There is almost no mortgage market in Ukraine (less than 250 loans were issued during the year of the full-scale war), and the work of state support programs is unstable.

The central bank predicts that under such conditions, the demand for housing will remain suppressed for a long time due to the war, falling incomes, and significant emigration.

Nearly 25,000 new apartments entered the Ukrainian market in the first quarter of 2023. However, most of this construction began prior to Russia's full-scale invasion, indicating that new building activity is decreasing.

"Since the housing stock is decreasing due to destruction, and new projects are starting less and less, it is becoming increasingly likely that there will be a shortage of supply in the housing market in the long term," predicts the NBU.

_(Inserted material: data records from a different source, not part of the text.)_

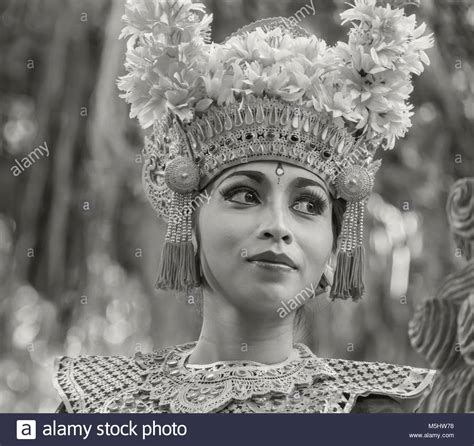 elaborate-headdress-high-resolution-stock-photography-and-images-alamy
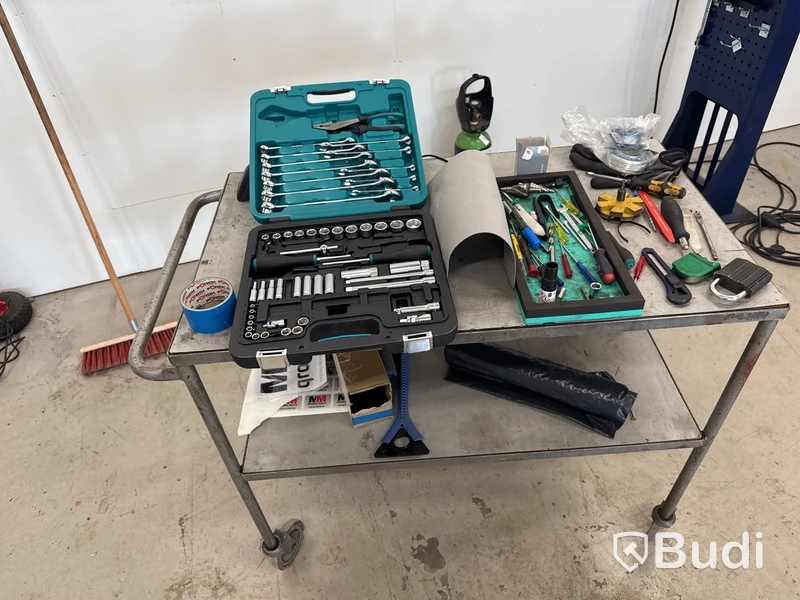 Verkstadsvagn med verktyg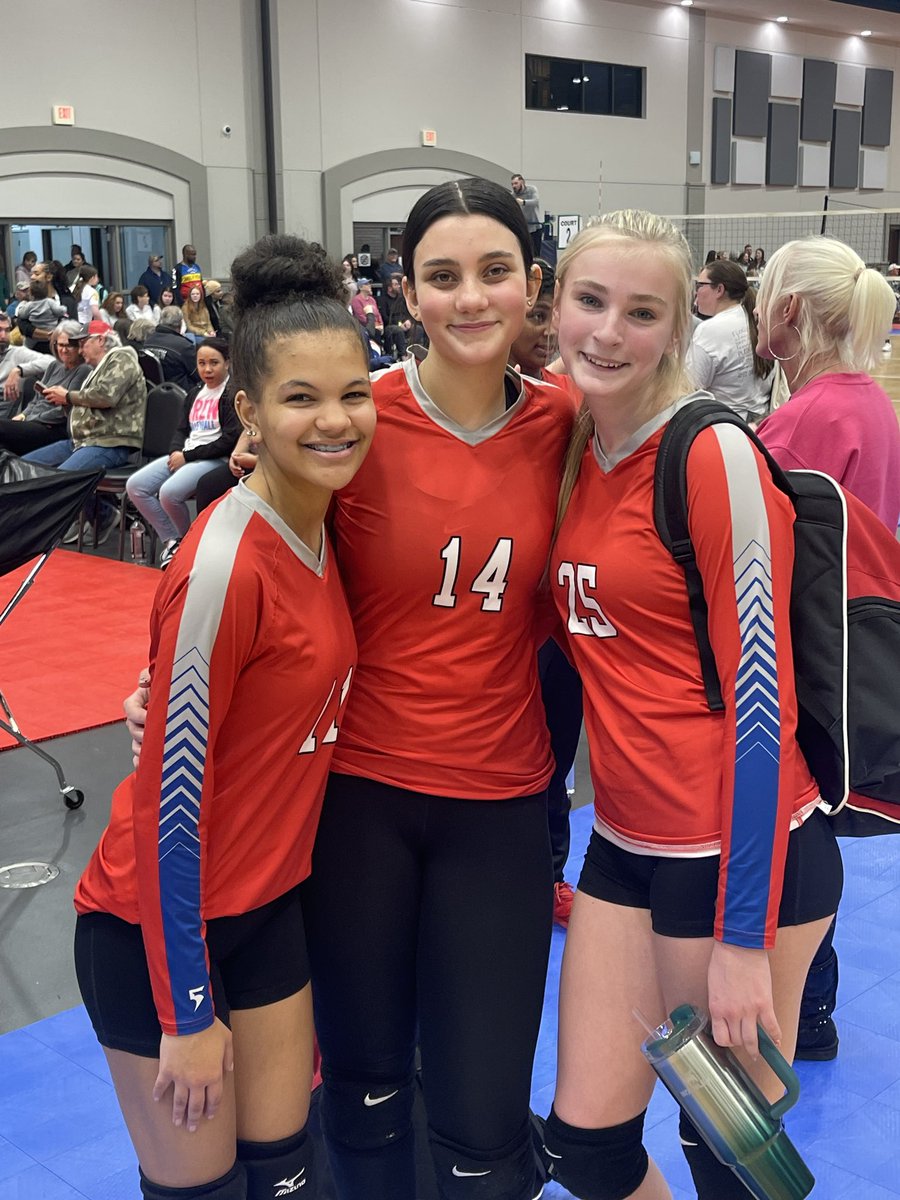 Proud of these three girls! 
They went 5-1 in Pool Play this morning at the East Texas Series #1!
Let’s Gooooo!!! 
Their hard work is going to pay off BIG! 🔥🔥🔥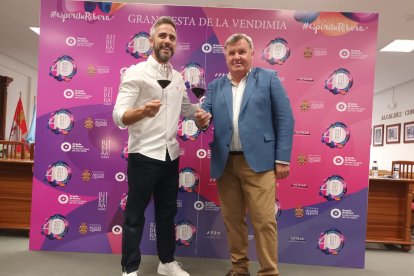 El presidente de la DO Ribera con el Embajador y presentador de Pasapalabra, Roberto Leal. FOTOS: © ECB /  L. V.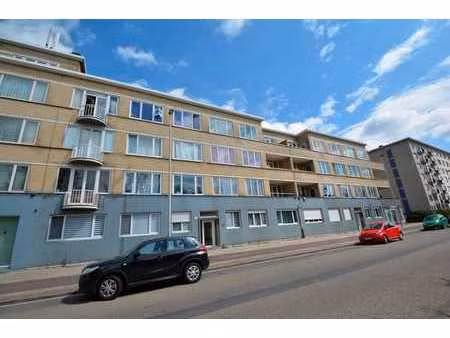 recent gerenoveerd appartement met 2 slk!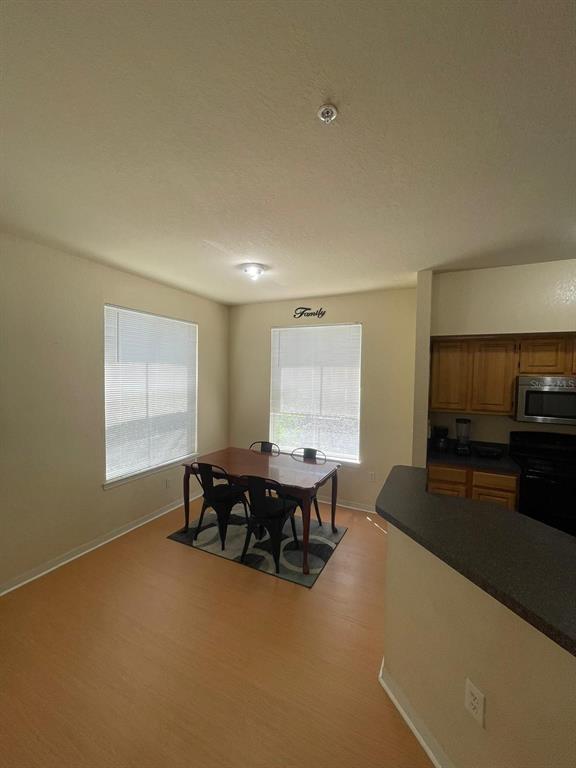 Building Photo - 6017 Westgate Dr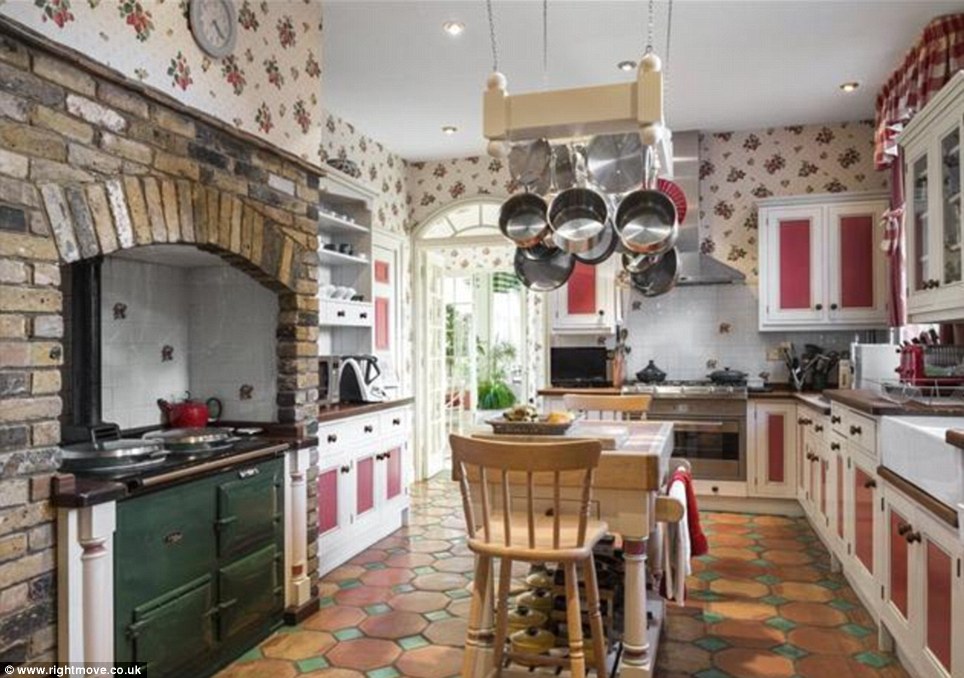 Give a British look to your kitchen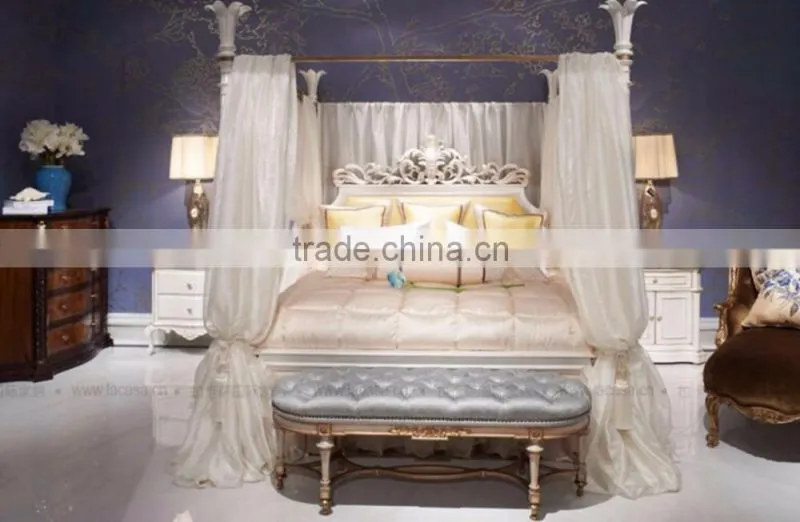 Classic Elegant European Style Antique White Tufted Chaise Lounge with Golden Floral Decorations BF12-04264d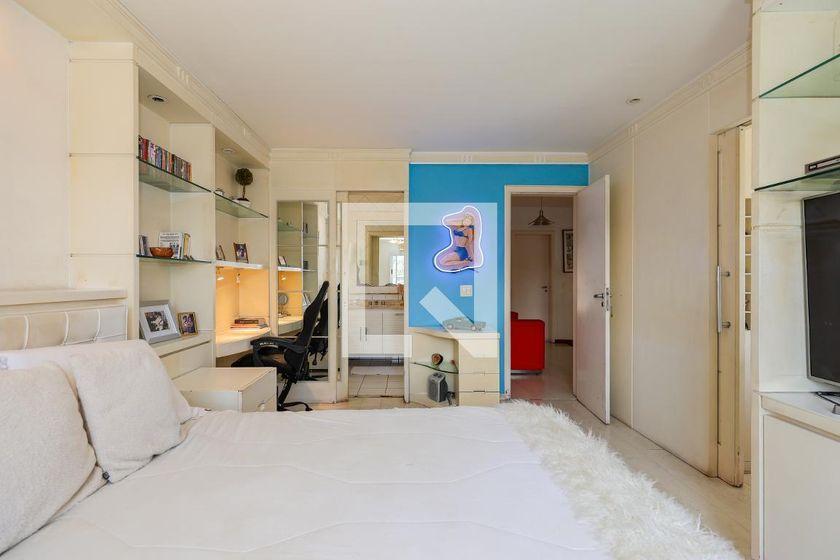 Casa à Venda – Morumbi, 4 Quartos, 550 m² – São Paulo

At the same time, the regulator points out that the prices for residential real estate, which are set by sellers, do not correspond to market realities. As evidence, housing prices in the ads for which apartments were sold were 25% lower than the average for all ads.

"The fact that prices on the real estate market are far from their natural level, supported by market factors, is also evidenced by the price-to-rent ratio. It will continue to be almost twice the historical average. Leasing conditions are more attractive than acquisitions, which will continue to restrain the purchasing activity on the housing market," the report says.

This means that at current housing prices, renting an apartment for more than 17 years in a row is more profitable than buying it.

Over the past six months, housing rental prices have remained stable, but their change since the start of the full-scale war has been uneven across regions. Rent in Kyiv is on average a third cheaper than the pre-war level, but in Lviv the price is almost twice as high as at the end of 2021.